SUPPLIED INFORMATION —
----
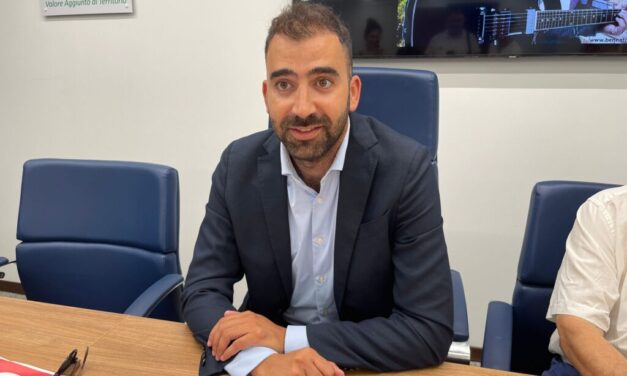 Frana di Castelnuovo, confronto acceso sui lavori a Campli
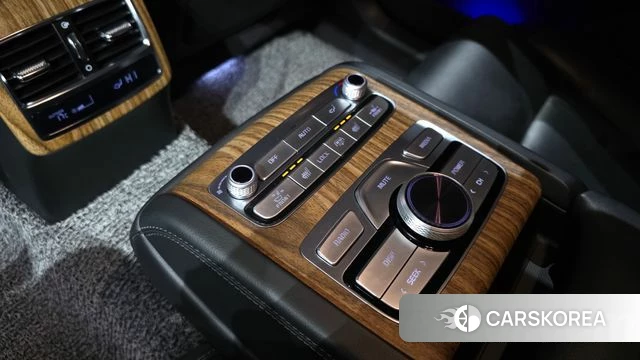 Kia The New K9 2nd generation id 3871413 из Кореи 10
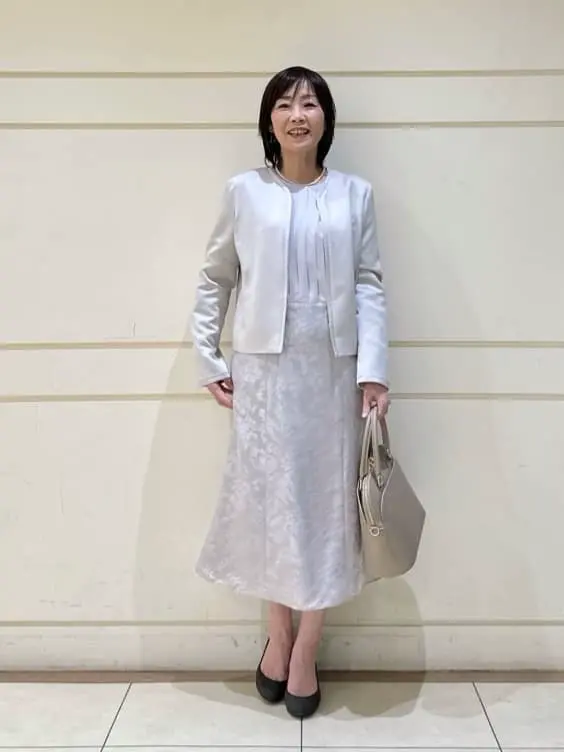 自由区 maruri コーディネート画像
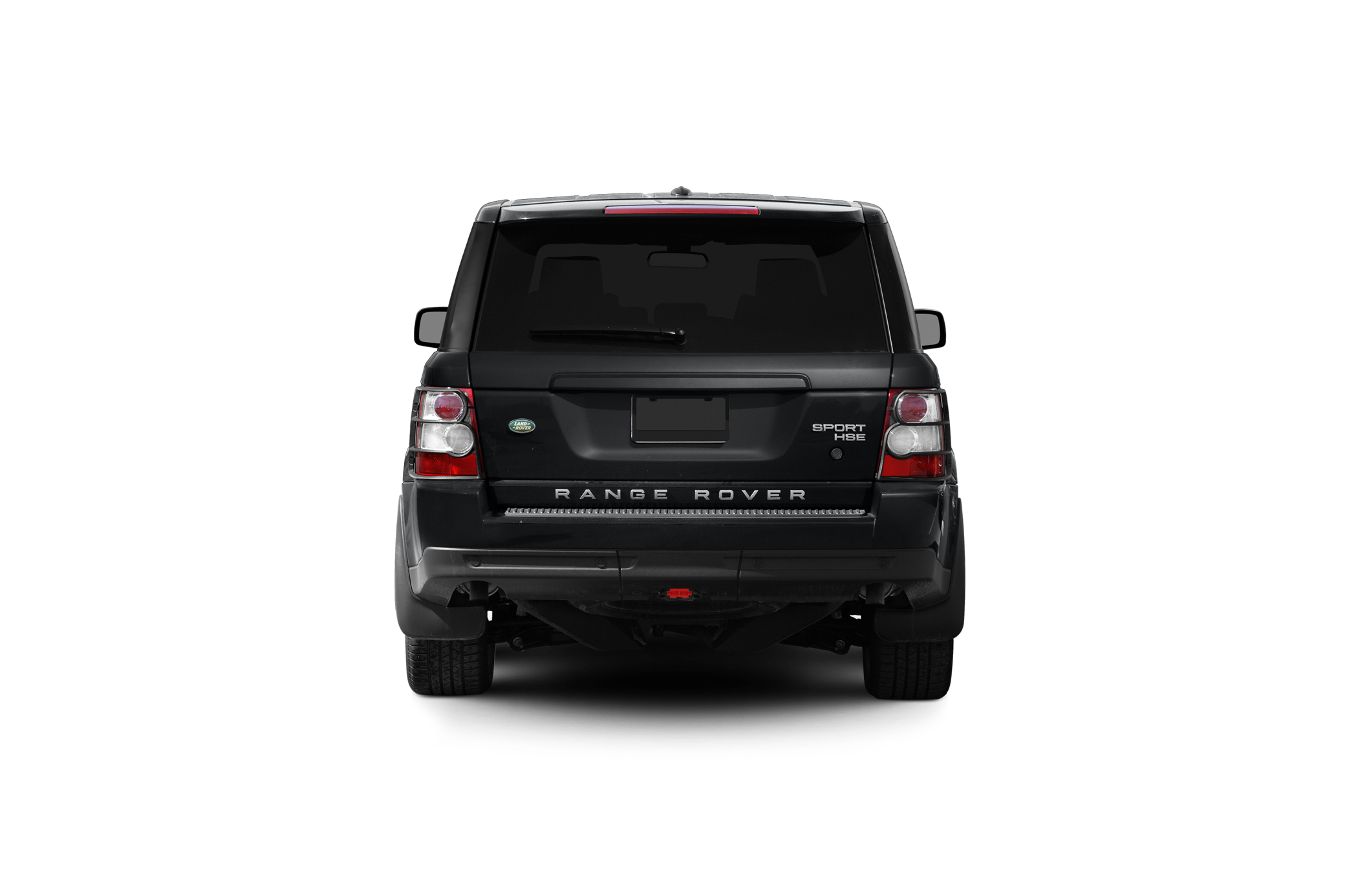 2009 Land Rover Range Rover Sport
----
ASSIGNMENT — Please write out all the data word for word, but keep every picture out.

SOLUTION TO THE EXERCISE —
 Frana di Castelnuovo, confronto acceso sui lavori a Campli
 Kia The New K9 2nd generation id 3871413 из Кореи 10
 自由区 maruri コーディネート画像
 2009 Land Rover Range Rover Sport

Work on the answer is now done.